Dori Scofield, former director of the Brookhaven Animal

Dori Scofield, former director of the Brookhaven Animal Shelter, plays with Wilbur, a pit bull mix who she said has recovered from "horrific" injuries since he was found on the side of a road in June. Scofield resigned in October, citing "budget constraints" that she said hinder her ability to do her job. (Oct. 18, 2012) Credit: Erin Geismar

For Brookhaven Animal Shelter Supervisor Dori Scofield, the town budget process is far from the cat's meow.

Citing "budget constraints" that she said hinder her ability to do her job, Scofield plans to resign Friday, after two years on the job.

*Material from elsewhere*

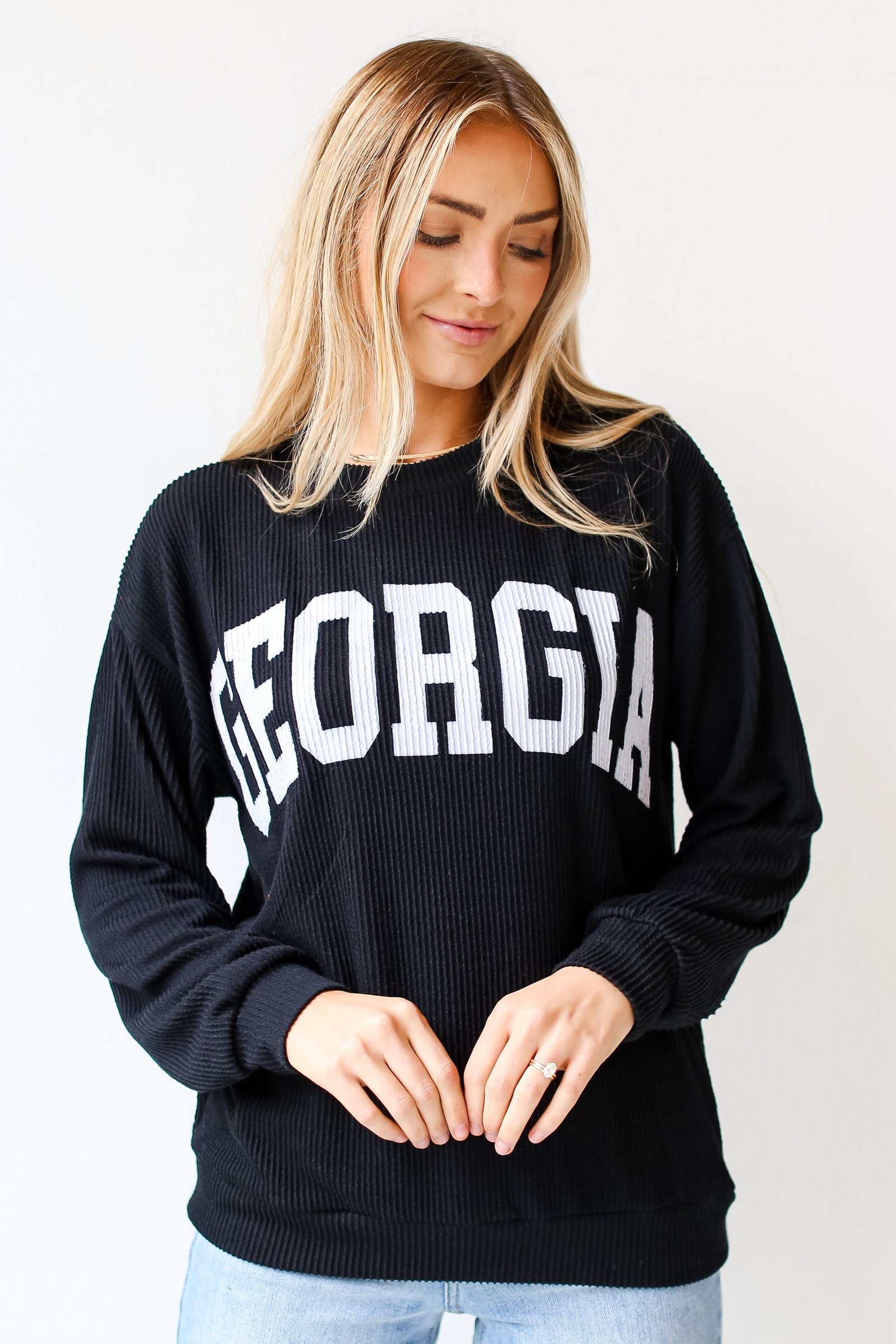 Georgia Corded Pullover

"The budget has kept me limited as to what I can do. If I had more staff, I could continue to save more lives," Scofield said.

She also announced the shelter will close on Wednesdays, effective this Wednesday, a move she predicted will slow pet adoptions, as the shelter had been open daily.

In a statement, acting town supervisor Kathleen Walsh praised Scofield's contributions: "Every Town department is struggling with proposed budget cuts . . . Dori has done an outstanding job . . . and I respect her decision to move on. She will be missed, but we have already started the process of finding a new director and hope to have one in place very soon."

Scofield, whose annual salary is $91,600, plans to focus on Save-A-Pet Animal Rescue and Adoption Center, which she has operated in Port Jefferson since 2000. "I'm moving on to build a bigger and better shelter where I can do my own thing . . . I want to help the animals in Brookhaven. These animals are my priorities."

The Brookhaven shelter, which cares for about 200 dogs and 100 cats, had 45 employees -- half of which were part-time, Scofield said. The shelter is down to about 40 employees but does not have town approval to fill the positions, she said.

The Brookhaven Town board has until Nov. 20 to approve a budget for 2013. The proposed $247 million budget is $13 million less than last year. Scofield said it costs $1.6 million annually to run the shelter, and her budget would be cut by $100,000. "The town is trying and has supported my efforts, but I don't know how it's going to go with the financial constraints," she said. "I gave the town 1,000 percent of me."

Scofield said focusing on her center will allow her to continue outreach programs such as providing dog houses in low-income areas, issuing neuter certificates, microchipping and dog grooming.

"The problem is, I feel I can best serve the Town of Brookhaven and the dogs if I return to the private sector," she said.